• [Assignment]:
A word-for-word copy of the listing, free of images, is the expected answer.

• [Input data]:
= Beginning of Section =
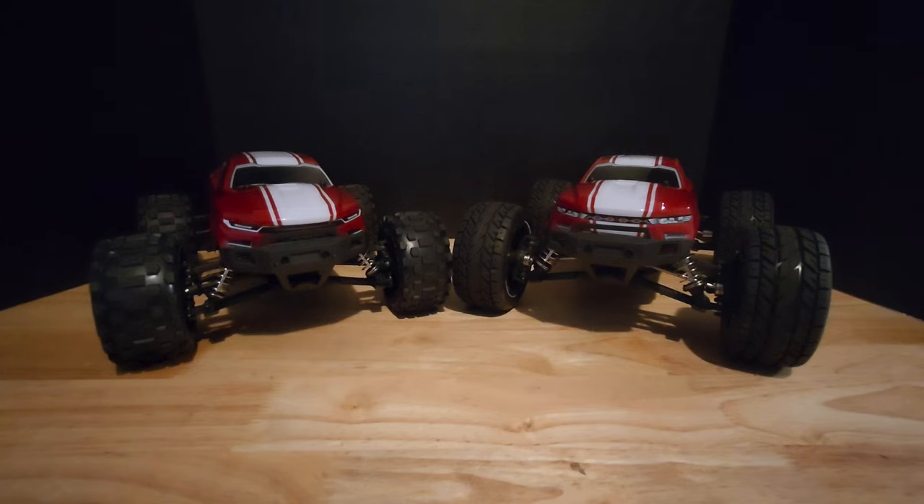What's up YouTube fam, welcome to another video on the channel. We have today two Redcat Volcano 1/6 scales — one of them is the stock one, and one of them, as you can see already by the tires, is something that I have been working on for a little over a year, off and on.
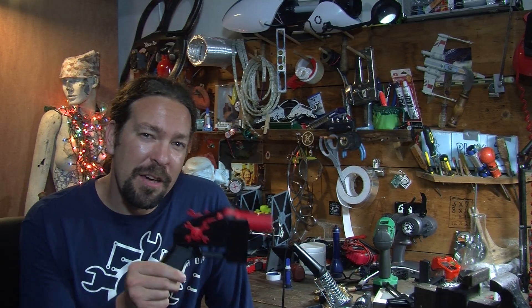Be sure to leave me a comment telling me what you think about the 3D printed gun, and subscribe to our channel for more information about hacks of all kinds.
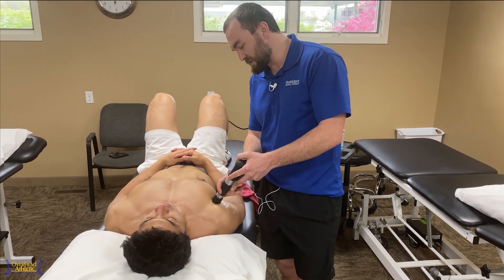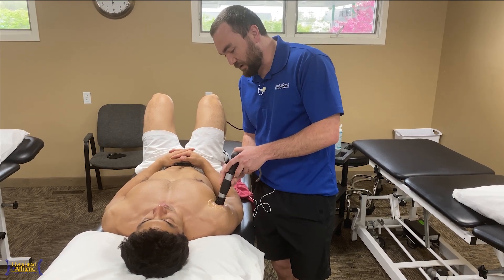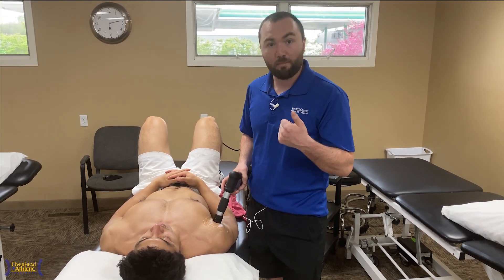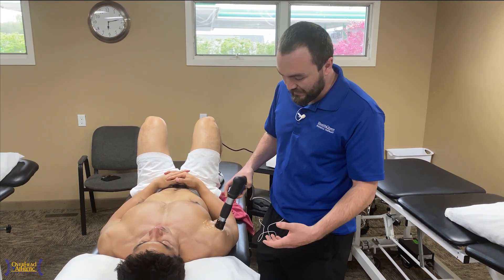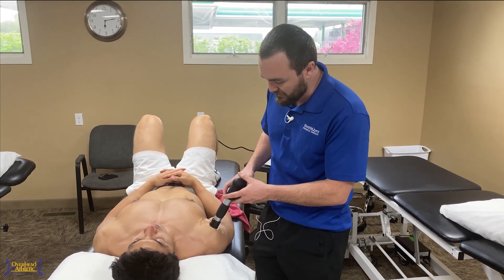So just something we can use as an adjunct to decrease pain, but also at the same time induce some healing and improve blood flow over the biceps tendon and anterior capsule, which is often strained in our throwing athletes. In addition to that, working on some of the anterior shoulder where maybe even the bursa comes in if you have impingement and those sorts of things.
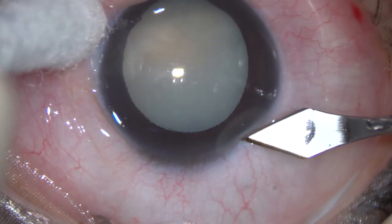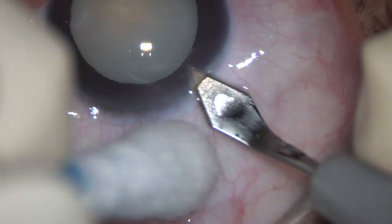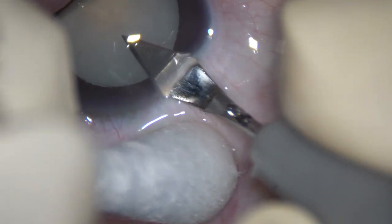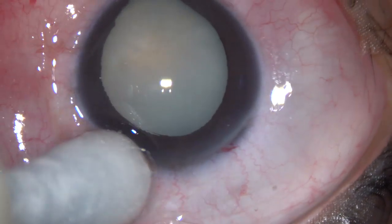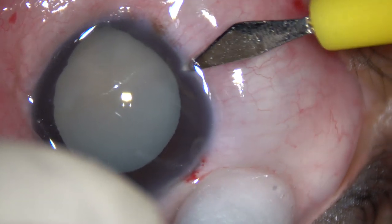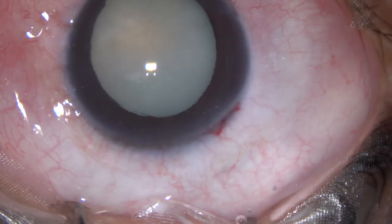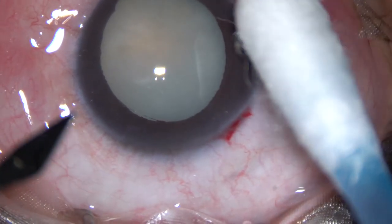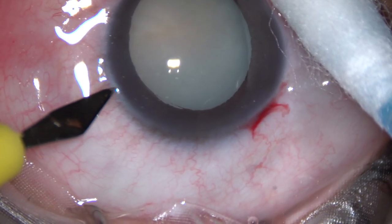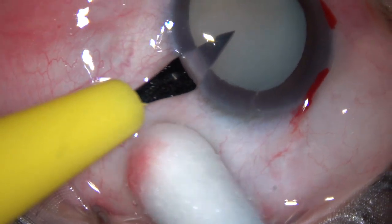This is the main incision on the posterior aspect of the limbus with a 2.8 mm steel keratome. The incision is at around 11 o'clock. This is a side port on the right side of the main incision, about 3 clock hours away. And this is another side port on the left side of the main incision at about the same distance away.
= End of Section =
• [Task solution]:
What's up YouTube fam, welcome to another video on the channel. We have today two Redcat Volcano 1/6 scales — one of them is the stock one, and one of them, as you can see already by the tires, is something that I have been working on for a little over a year, off and on.
Be sure to leave me a comment telling me what you think about the 3D printed gun, and subscribe to our channel for more information about hacks of all kinds.
So just something we can use as an adjunct to decrease pain, but also at the same time induce some healing and improve blood flow over the biceps tendon and anterior capsule, which is often strained in our throwing athletes. In addition to that, working on some of the anterior shoulder where maybe even the bursa comes in if you have impingement and those sorts of things.
This is the main incision on the posterior aspect of the limbus with a 2.8 mm steel keratome. The incision is at around 11 o'clock. This is a side port on the right side of the main incision, about 3 clock hours away. And this is another side port on the left side of the main incision at about the same distance away.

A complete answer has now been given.